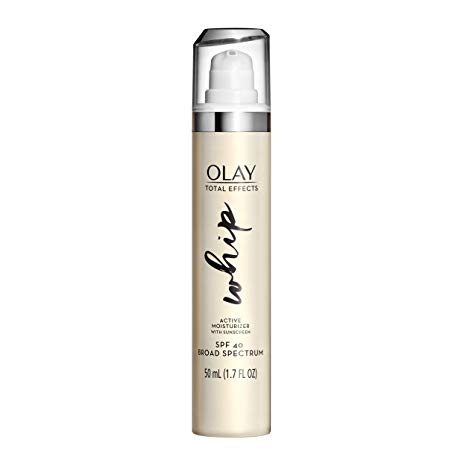 Face Moisturizer with SPF by Olay, Total Effects Whip Facial Sunscreen, Vitamin C, and B3, SPF 40 with UVA and UVB Protection, 1.7 Fl Oz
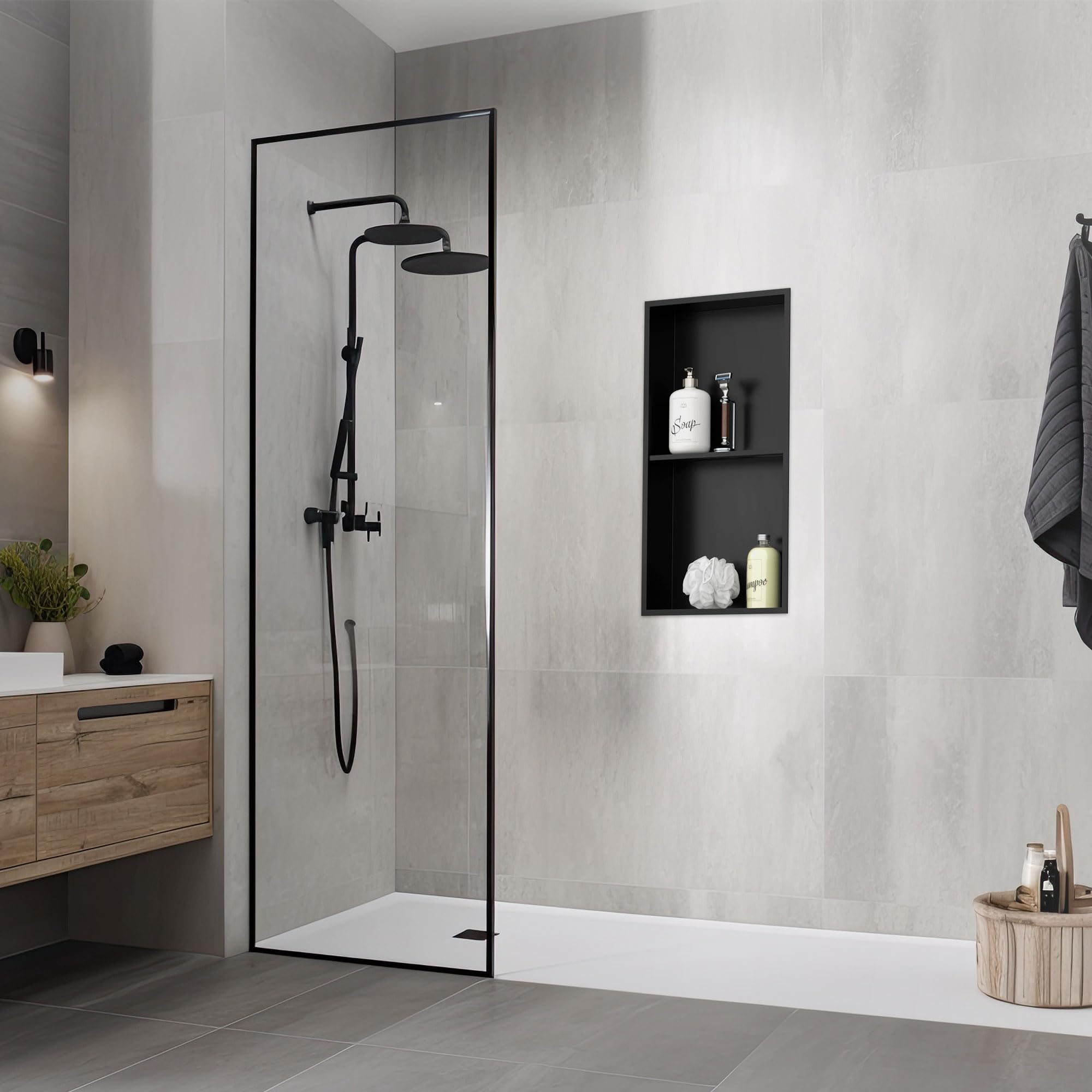 LuxeBath Nicho de Ducha Acero Inoxidable 30x60x10 cm cm Negro Marco de Pared Doble Empotrado Alicatable Estante Integrado Instalación Flexible para Almacenamiento Organizador de Utensilios para Baño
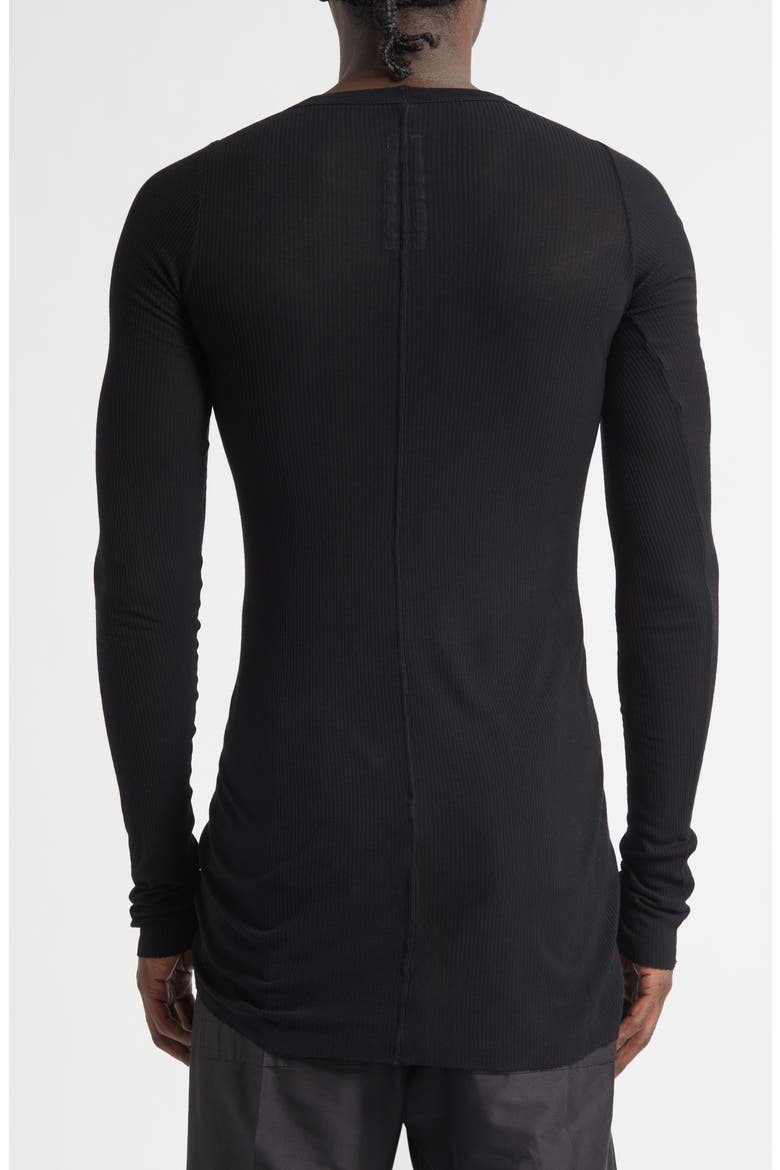 Long Sleeve Rib T-Shirt, Alternate, color, BLACK
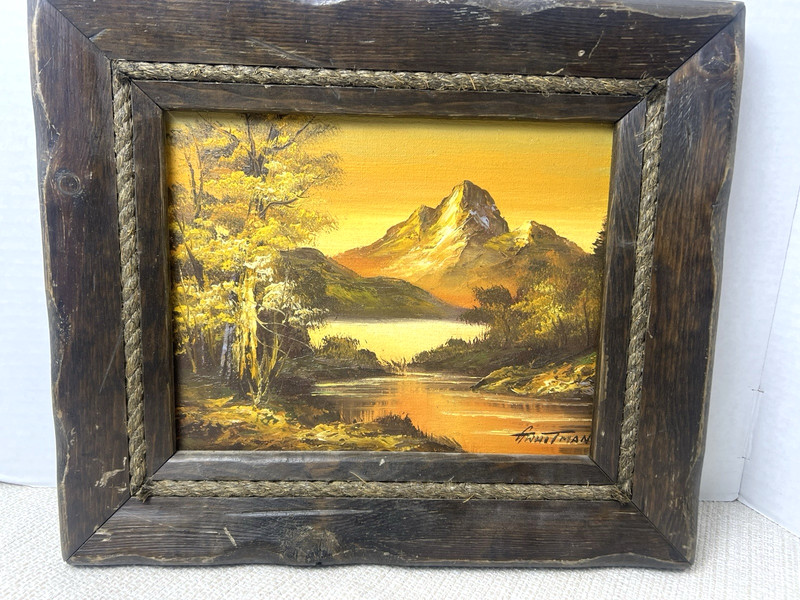 Vtg Mountain Landscape Oil Painted Signed G. Whitman Wood Rope Frame Rustic 70s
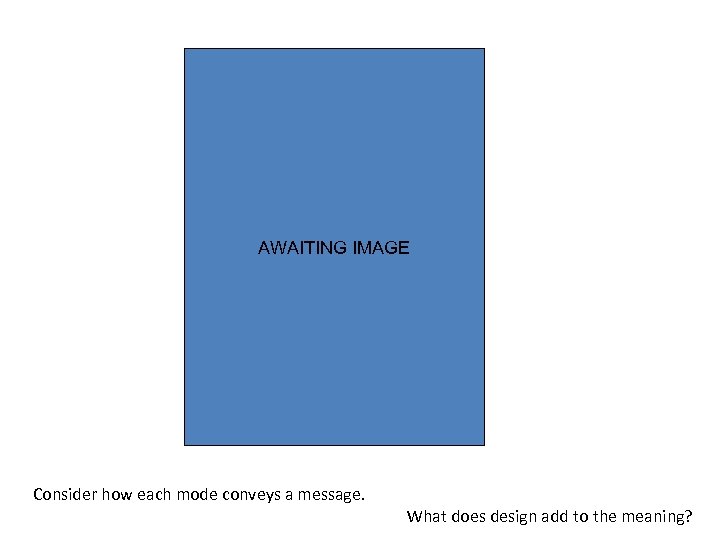 AWAITING IMAGE Consider how each mode conveys a message. What does design add to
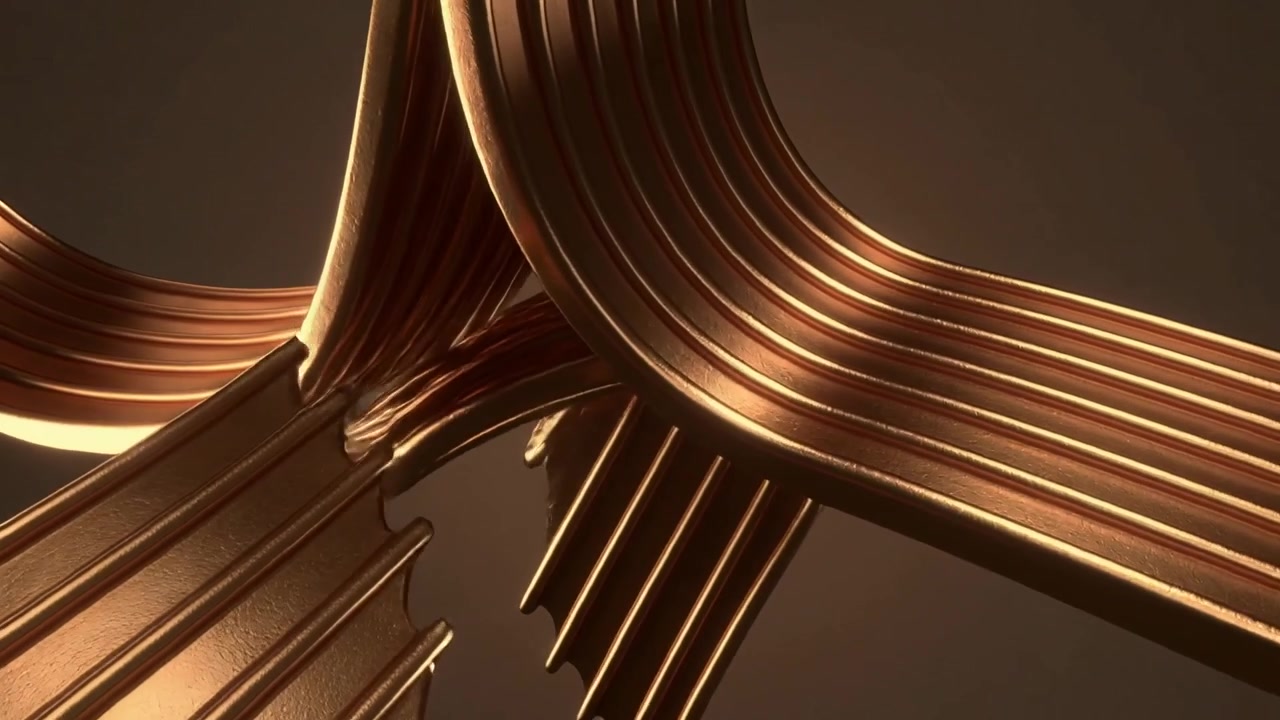 Moving copper-gold ribbons looping in studio as camera moving closer, revealing grooved junctions
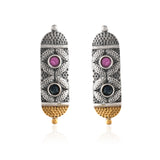 Oxidised Silver-Gold Choker Necklace & Earrings Temple Set - Antique Elegance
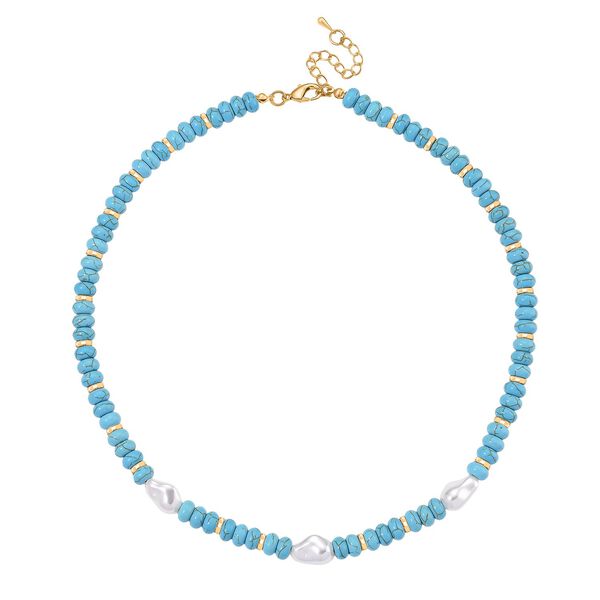Wei&szlig;e Muschelkernperle, Blauer Howlit Halskette, ca. 50 cm + 5 cm Extender, goldfarben image number 3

========================================

Take the records above from their first line through the line with "Moving copper-gold ribbons" and set those lines down word for word, minus the pictures.

• [Solution for this task]
 Face Moisturizer with SPF by Olay, Total Effects Whip Facial Sunscreen, Vitamin C, and B3, SPF 40 with UVA and UVB Protection, 1.7 Fl Oz
 LuxeBath Nicho de Ducha Acero Inoxidable 30x60x10 cm cm Negro Marco de Pared Doble Empotrado Alicatable Estante Integrado Instalación Flexible para Almacenamiento Organizador de Utensilios para Baño
 Long Sleeve Rib T-Shirt, Alternate, color, BLACK
 Vtg Mountain Landscape Oil Painted Signed G. Whitman Wood Rope Frame Rustic 70s
 AWAITING IMAGE Consider how each mode conveys a message. What does design add to
 Moving copper-gold ribbons looping in studio as camera moving closer, revealing grooved junctions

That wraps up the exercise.